Some Thoughts On Evgeny Morozov

Maria Bustillos in The Awl, “U MAD??? Evgeny Morozov, The Internet, And The Failure Of Invective”:

Because of the Internet’s meteoric growth and global reach, because of the near-magical changes it has already wrought in everything from buying a plane ticket to reading the news, it’s true that some theorists and entrepreneurs exhibit irrational exuberance about its future potential. Pretty much everyone who writes about technology at the moment appears to agree that there is too much techno-utopianism in the air, too much Internet cheerleading, and that a more deeply questioning, more nuanced tech criticism is needed. So, because Morozov approaches technology as a self-avowed skeptic–taking the position currently fashionable among tech critics–pointed criticism against Morozov himself is in effect preemptively blunted.

Overall this a great piece, though there are definitely a few things that I disagreed with, this being the first. Obviously, there is a subset of the technology culture and writers that points to this as a problem, but I don’t think “pretty much everyone” is even remotely accurate. Or at least, insofar as those who may call for these types of deep questioning are actually doing that [1. In edtech, I would point to, as an example, Sabastian Thrun, whose willingness to help put together

The Learners Bill of Rights while running Udacity – which does not hem close to, or at all, those principles – highlights the problem.] It doesn’t appear to me that the lack of deep questioning has really permeated the culture more than a superficial “we need to think more about what we’re doing” and actually resulted in a change in the way people act.

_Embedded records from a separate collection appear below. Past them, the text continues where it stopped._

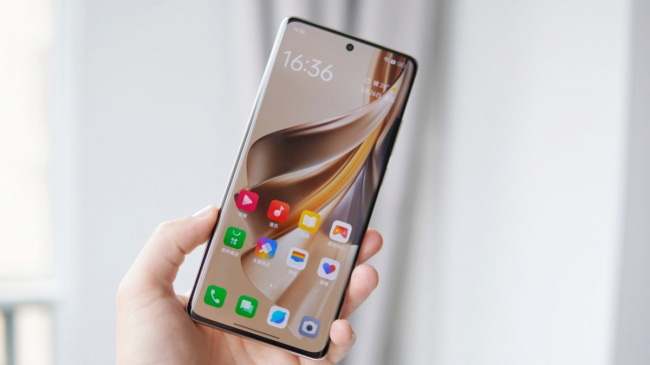Imagen 1 del lanzamiento del OnePlus Ace 2 Pro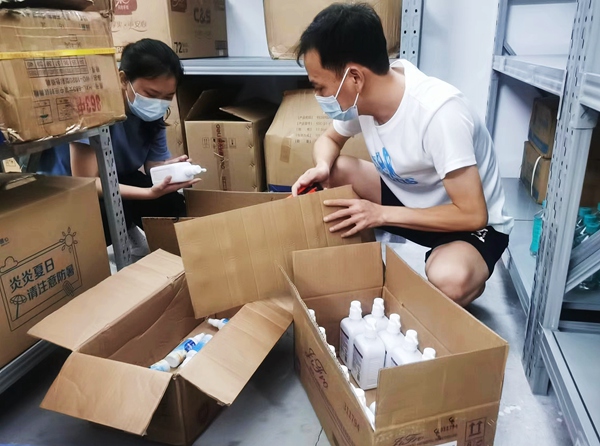 �й��ƶ����Ϲ�˾��Ա����ǰ����������ȫ�����ߡ����ݴǣ�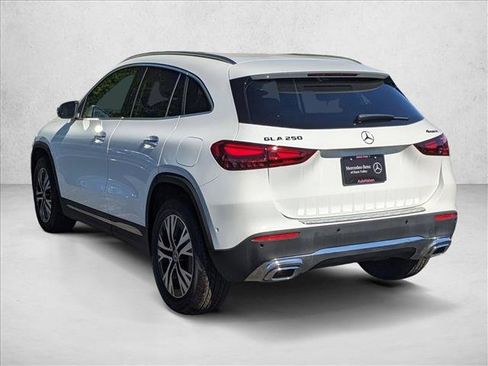 Certified 2025 Mercedes-Benz GLA 250 GLA 250 image 8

In his book Cognitive Surplus, Shirky cited Shaw in order to illustrate the effects of crowdsourced opinion on the professional kind.

Shaw is unwilling to condemn Union Square as a bad restaurant; it’s just not the kind of restaurant people like him prefer, which is to say people who eat in restaurants professionally and are happy to have a little intimidation with their appetizers. […] [But] when we can all now find an aggregate answer to the question “What is your favorite restaurant?” we want that information, and we may even prefer it to judgments produced by professional critics.

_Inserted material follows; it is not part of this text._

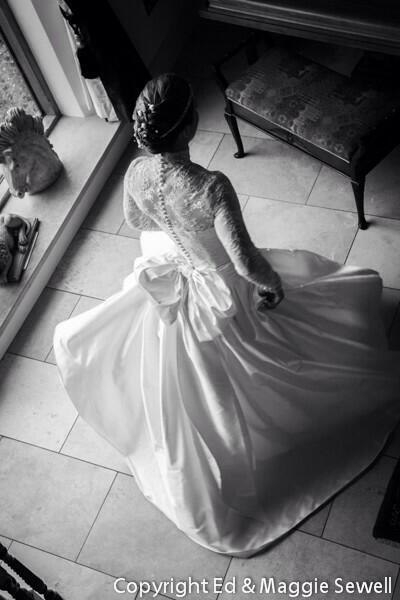 Sewell_Photo's tweet photo. #Amazing wedding dress http://t.co/F8E66N8dP9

Inexplicably, Morozov’s interpretation of this is that Shirky “brims with populist, antiestablishment rage against professional critics and promises that, thanks to ‘the Internet,’ the masses can finally dispense with their highbrow pretensions.” For Morozov, Shirky’s message is that “pre-Internet meant expertise, post-Internet means populism; we are post-Internet, hence, populism.”

Except that I got no such thing from reading Shirky’s original remarks. He poked a little fun at the pretentiousness of fancy restaurant critics, it’s true, but his main point was that if we want to know places where lots of people like to go, well, now we can find out, and the availability of this knowledge necessarily alters the role of professional critics.

This is likely a result of my not having read either book (they’re both on my list, I swear!), but I do not understand what this means at all. I get Shirky’s quote; I do not get Morozov’s criticism of it, nor Bustillos’ response. I’ll have to read both those books to find out, but if anyone can clear this up, I’d appreciate some help.